Supplied data:
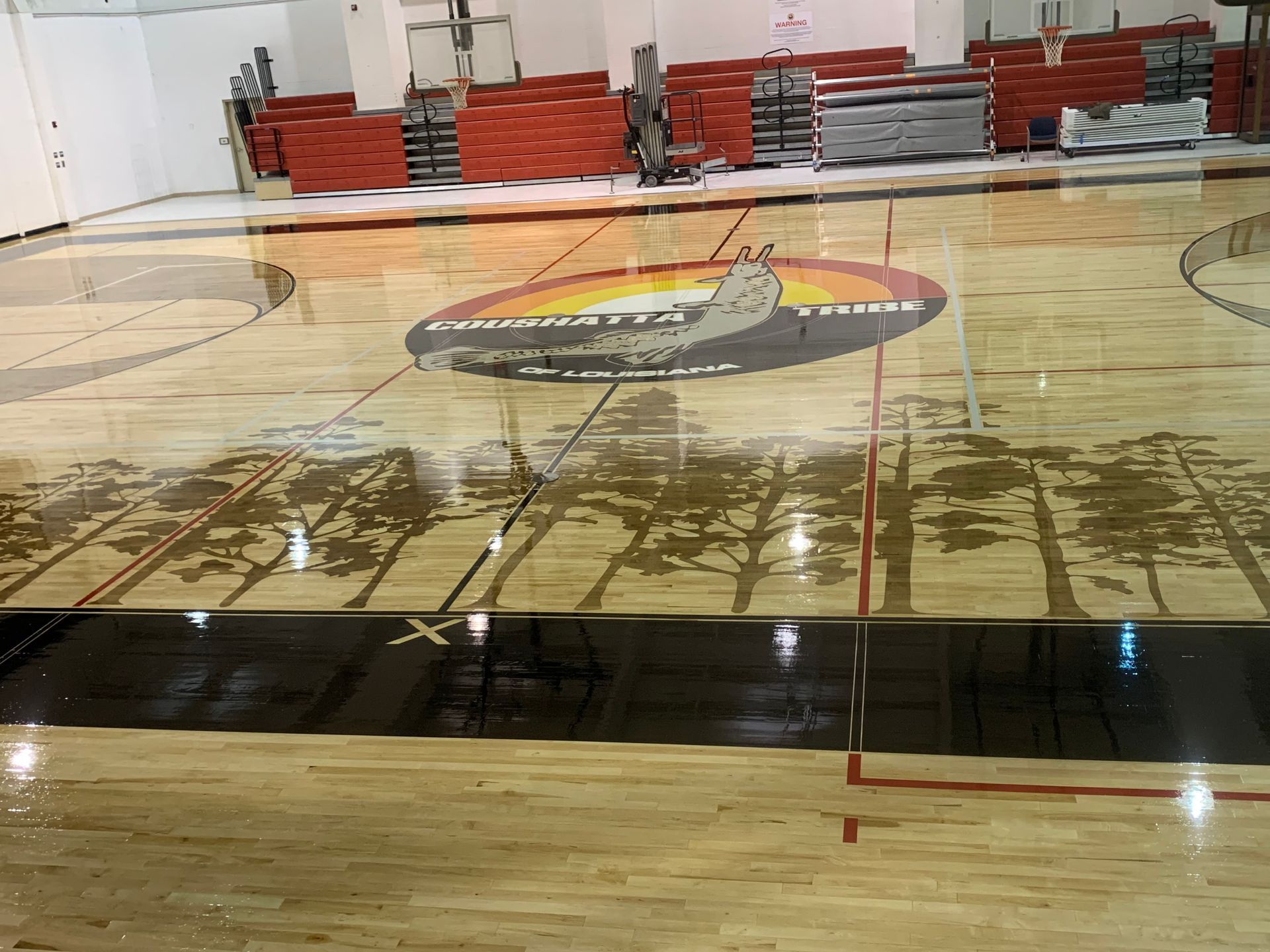 A basketball court with a wolf logo on the floor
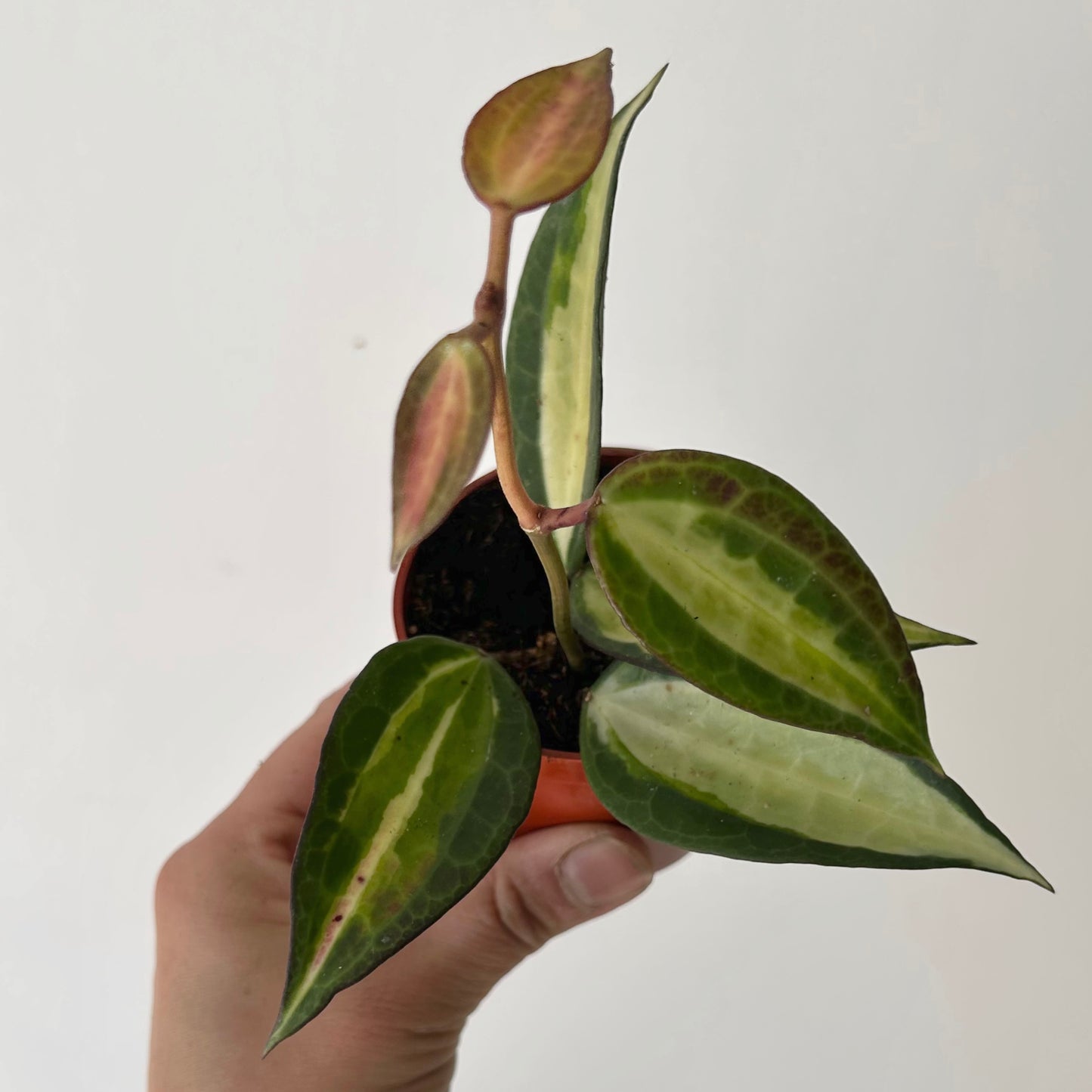 Hoya latifolia “Pot of Gold” 3”pot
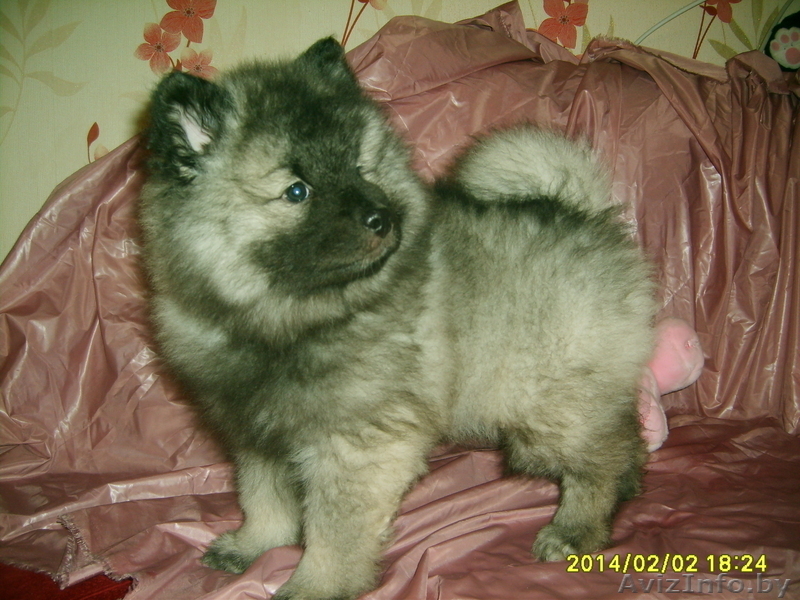 щенки кеесхонда(вольфшпиц) - Изображение #3, Объявление #1035996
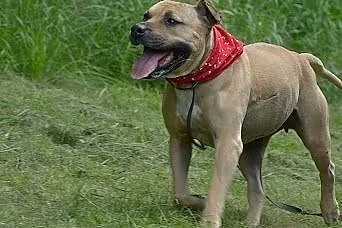 Lola cudowna łagodna sunia amstaff czeka na dom,  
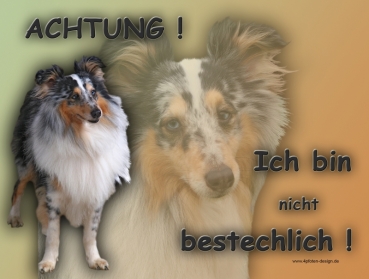 Hundewarnschild Sheltie (Shetland Sheepdog) #9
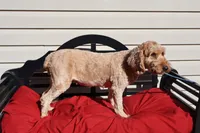 Bailey, a female Poodle - Toy  and Miniature Goldendoodle for sale in Fountain Inn, SC – 5 of 6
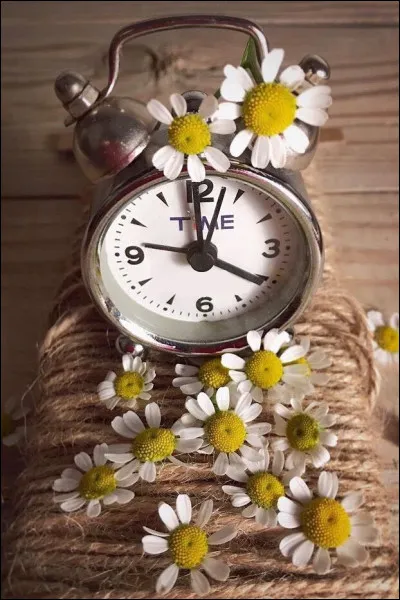 Quel est ce film sorti en 2006, avec Jean-Paul Rouve et Anne Brochet, qui incarnent un couple entourant un petit garçon ?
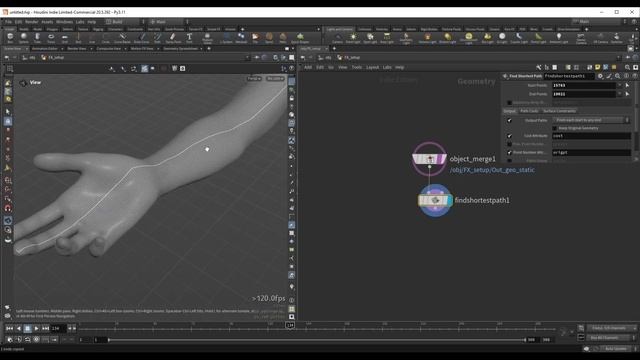 01 Geo Setup & Main Curves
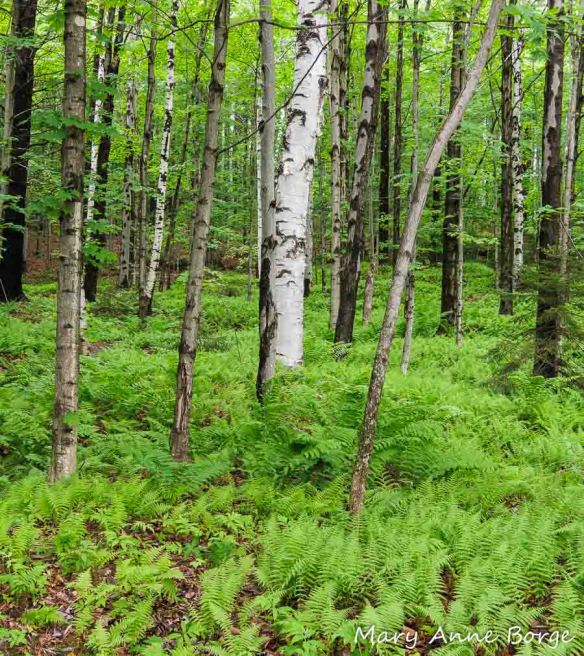 The woods from Fox Track trail at the Trapp Family Lodge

Goal of the exercise: Copy out exactly the lines that run from the line containing "01 Geo Setup & Main Curves" through the last line of the material, and nothing more; omit the pictures.

Completed exercise:
 01 Geo Setup & Main Curves
 The woods from Fox Track trail at the Trapp Family Lodge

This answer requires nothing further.